MR. JUSTICE STEWART, with whom MR. JUSTICE REHNQUIST joins, concurring in the judgment.

The respondents were found guilty beyond a reasonable doubt after a fair and wholly constitutional jury trial. Why should such persons be entitled to have their convictions set aside on the ground that the grand jury that indicted them was improperly constituted? That question was asked more than 25 years ago by Mr. Justice Jackson in Cassell v. Texas, 339 U.S. 282, 298 (dissenting opinion). It has never been answered.{1} I think the time has come to acknowledge that Mr. Justice Jackson’s question is unanswerable, and to hold that a defendant may not rely on a claim of grand jury discrimination to overturn an otherwise valid conviction.


A grand jury proceeding

is an ex parte investigation to determine whether a crime has been committed and whether criminal proceedings should be instituted against any person.

United States v. Calandra, 414 U.S. 338, 343-344. It is not a proceeding in which the guilt or innocence of a defendant is determined, but merely one to decide whether there is a prima facie ease against him. Any possible prejudice to the defendant resulting from an indictment returned by an invalid grand jury thus disappears when a constitutionally valid trial jury later finds him guilty beyond a reasonable doubt.{2} In short, a convicted defendant who alleges that he was indicted by a discriminatorily selected grand jury is complaining of an antecedent constitutional violation that could have had no conceivable impact on the fairness of the trial that resulted in his conviction.

It is well settled that deprivations of constitutional rights that occur before trial are no bar to conviction unless there has been an impact upon the trial itself.{3} A conviction after trial, like a guilty plea, "represents a break in the chain of events which has preceded it in the criminal process." Tollett v. Henderson, 411 U.S. 258, 267. See United States v. Blue, 384 U.S. 251, 255; cf. Stroble v. California, 343 U.S. 181, 197 ("illegal acts of state officials prior to trial are relevant only as they bear on petitioner’s contention that he has been deprived of a fair trial").

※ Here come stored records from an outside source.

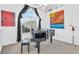 Elegant music room featuring a grand piano and large windows at 23159 Allen Ave, Punta Gorda, FL 33980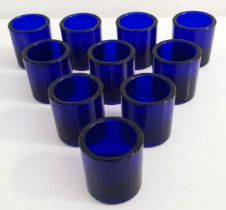 TEN BRISTOL BLUE GLASS LINERS of cylindrical form, 3.7cm high (10)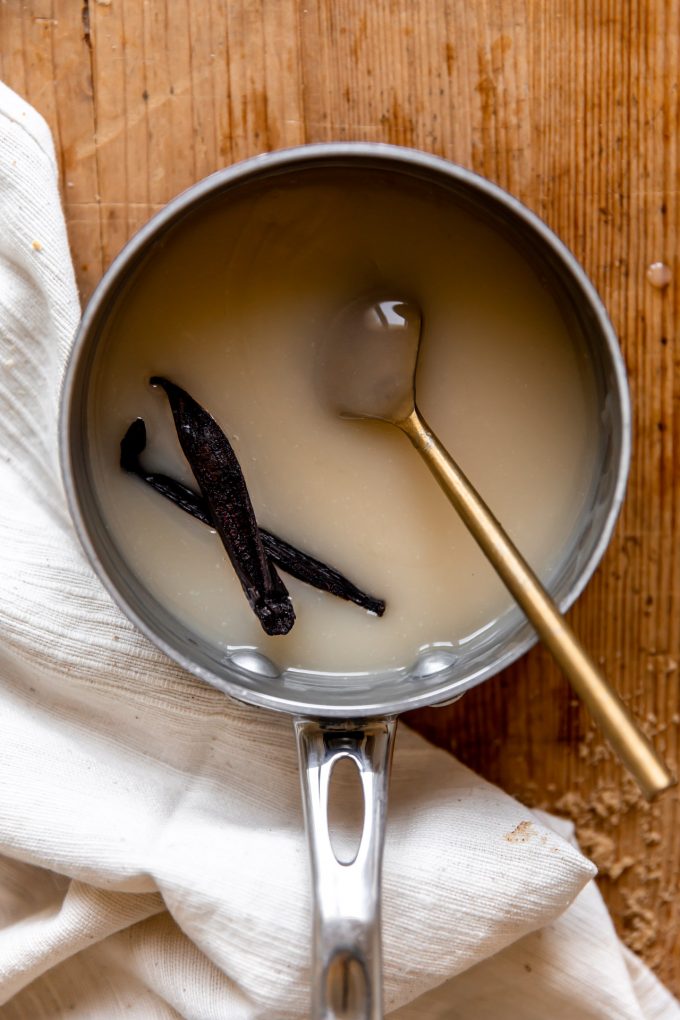 Homemade vanilla syrup in a saucepan for drizzling onto bread pudding.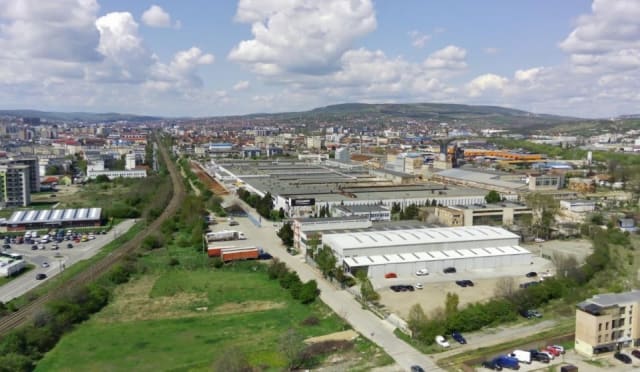 Familia Căpușan intenționează să preia terenul de la mall-ul Sanex, iar Consiliul Concurenței analizează tranzacția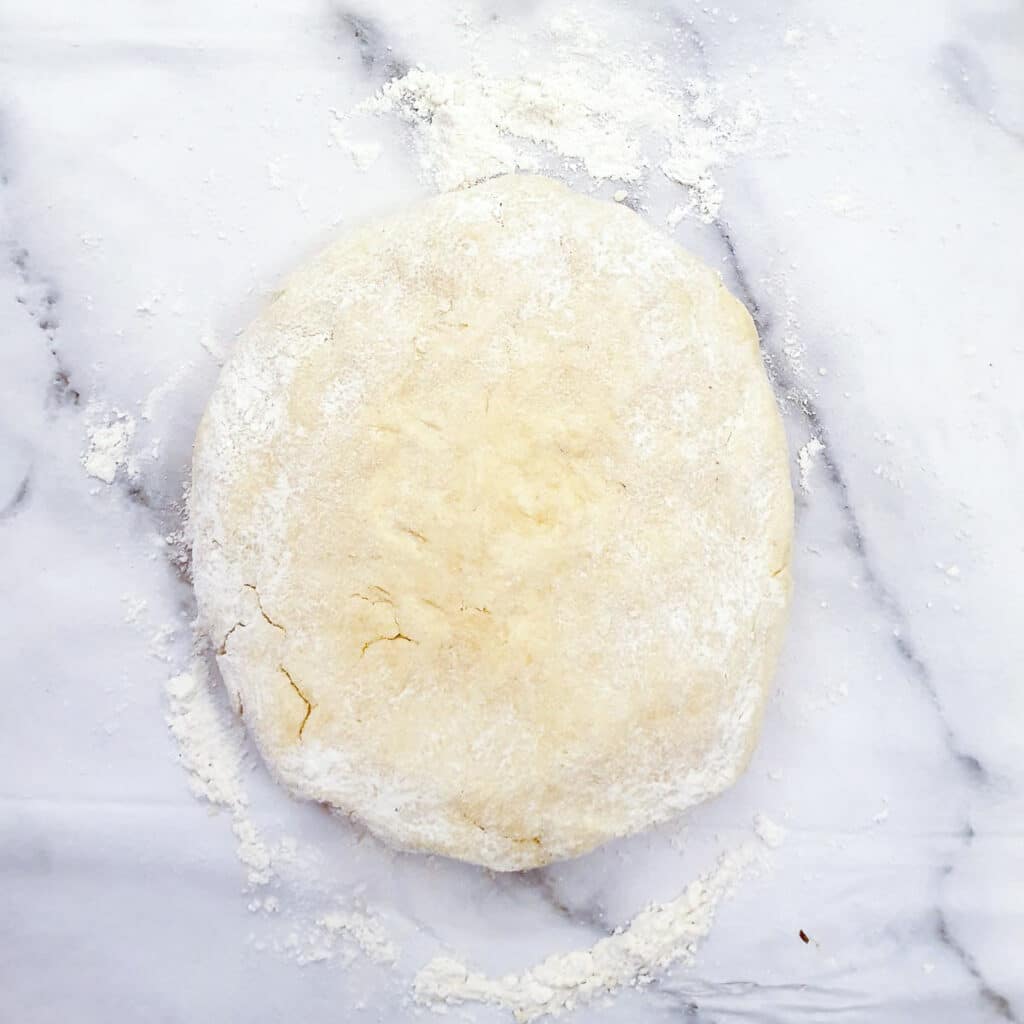 A ball of yoghurt pastry on a floured surface.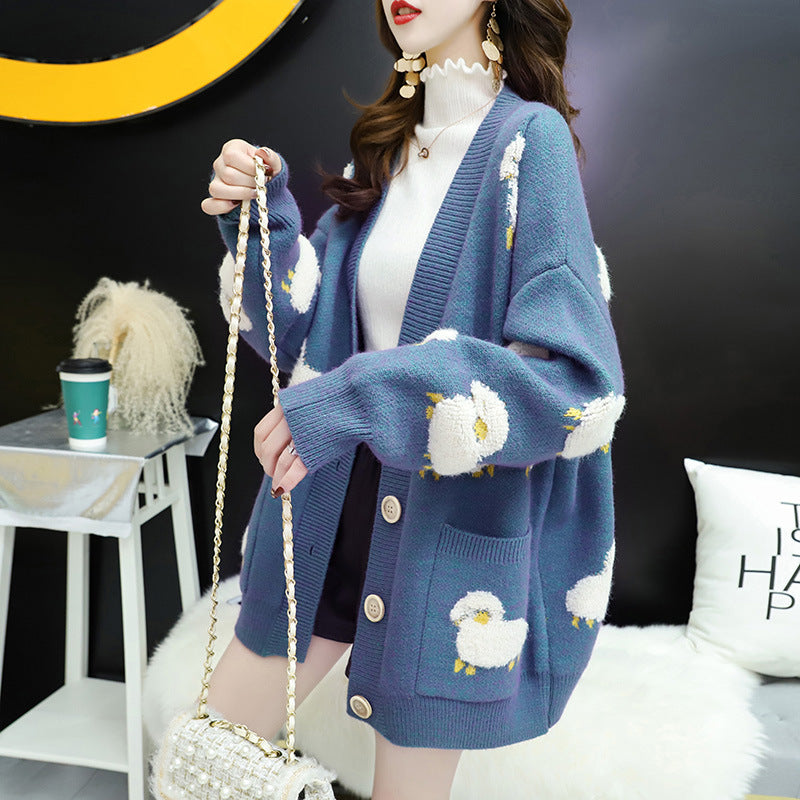 Women’s knit jacket with playful sheep pattern and pockets Lune London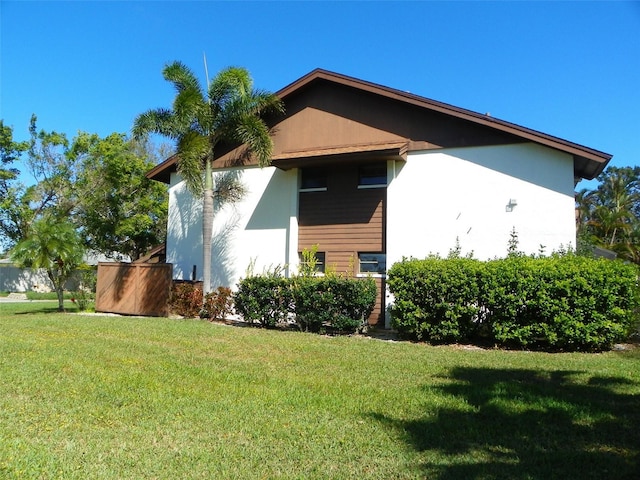 view of property exterior featuring a lawn and stucco siding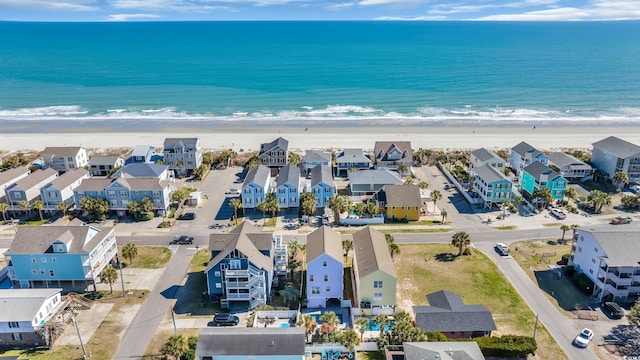 birds eye view of property with a residential view, a water view, and a beach view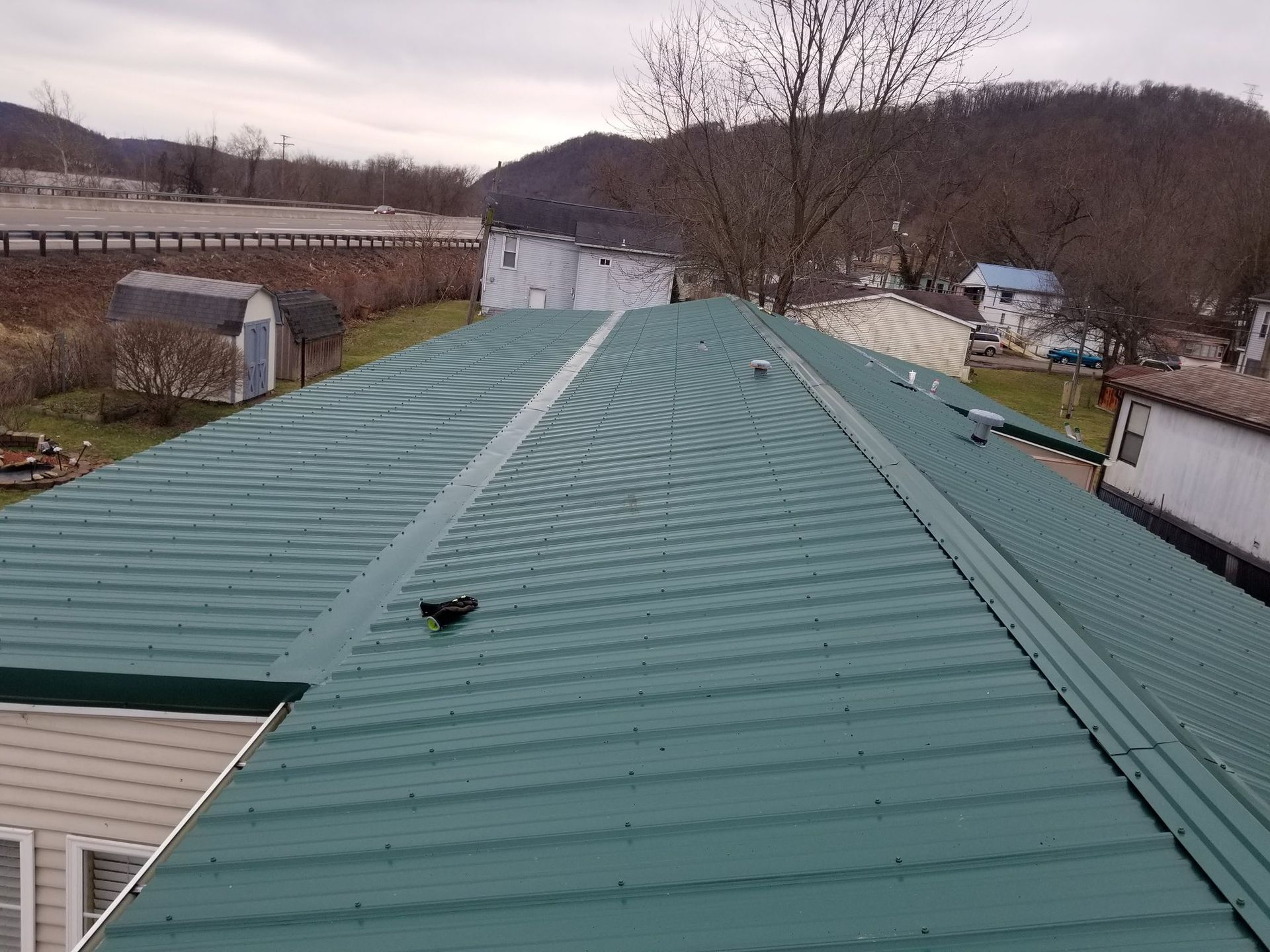 Green metal roof on a building, angled view, with a backdrop of a cloudy sky and landscape.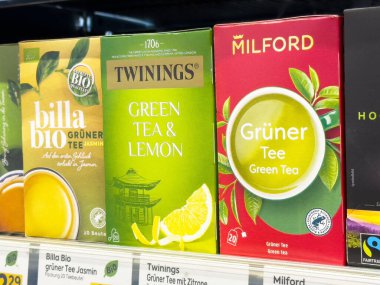 Villach, Avusturya - 17 Nisan 2025: Rafta yeşil çay paketleri sergilenmesi çay severlerin keşfetmesi için çeşitli marka ve tatları ön plana çıkarıyor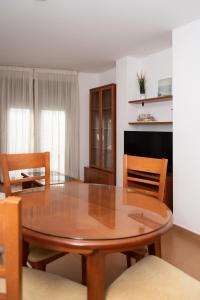 Telewizja i/lub zestaw kina domowego w obiekcie Apartamentos A Laxe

The cases in this Court dealing with unlawful arrest are particularly instructive. Unconstitutional arrests are unreasonable seizures of the person that violate the Fourth and Fourteenth Amendments. E.g., Terry v. Ohio, 392 U.S. 1. Yet an "illegal arrest or detention does not void a subsequent conviction." Gerstein v. Pugh, 420 U.S. 103, 119. In Frisbie v. Collins, 342 U.S. 519, for example, a defendant had been forcibly abducted from one State and brought to another to stand trial, but the trial itself was fair, and the Court upheld his conviction. See also Mahan v. Justice, 127 U.S. 700; Ker v. Illinois, 119 U.S. 43.{4}

The cases in this Court specifically dealing with grand jury proceedings are equally instructive. In Costello v. United States, 350 U.S. 359, the Court sustained the conviction of a defendant who had sought to dismiss the charges against him on the ground that the indictment had been based exclusively upon inadmissible hearsay evidence. See also Holt v. United States, 218 U.S. 245. In Lawn v. United States, 355 U.S. 339, the Court held that a defendant could not avoid trial and conviction on the ground that the indictment had been procured by evidence obtained in violation of the Fifth Amendment.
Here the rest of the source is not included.